As the director, Shutt is aiming to promote wildlife conservation through photography and educational community outreach. While rehabilitation is essential to keeping orphaned and injured foxes and kits alive, photography also contributes greatly to that cause through awareness, Shutt says. Intimate wildlife photography can give people an understanding that they otherwise wouldn’t have about the teeming wildlife right in their backyards.

Shutt’s been doing everything from photographing resident foxes around Baton Rouge to going door-to-door helping educate residents who have discovered fox families living underneath their homes.

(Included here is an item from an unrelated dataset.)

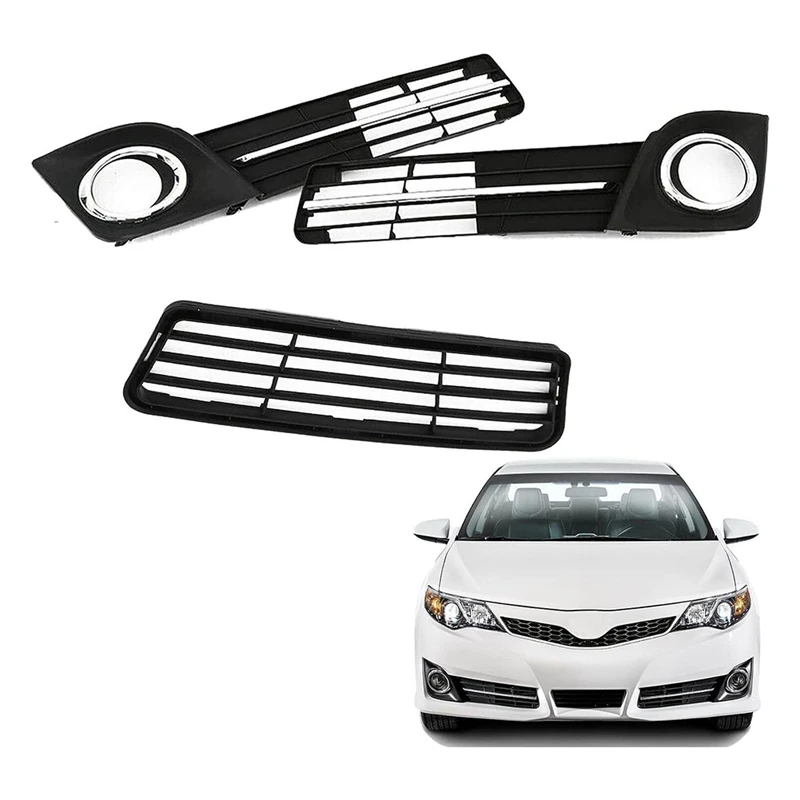 1 Set Front Bumper Lower Grille Fog Light Cover Bezel Set TO1036129 52127-06290 52128-06290 For TOYOTA CAMRY 2012-2014 Parts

“Animals are not these ferocious beasts that want to hurt us,” she says. “I’m not trying to anthropomorphize them or put human qualities in them, but they absolutely have personalities and interact with each other in emotional ways.”

It’s been 10 years since that red fox and her kit near the LSU lakes changed Shutt’s trajectory. She pushes on with The Canid Project, her way of trying to give back to them the only way she can: creating a distinctive new wave of conservation for the state.

Those foxes took hold of her spirit that spring day. They’ve yet to let go.

Courtesy Amy Shutt.

IF YOU SEE A FOX

• Give it ample space. They can be curious but are rarely aggressive unless threatened. It’s a wild animal, after all.

• Don’t try to feed foxes. They hunt for food—usually small rodents—and putting out food only attracts other wild animals.

• Keep your pets on leashes or in secured enclosures. Close openings under porches or sheds, where foxes might make a home.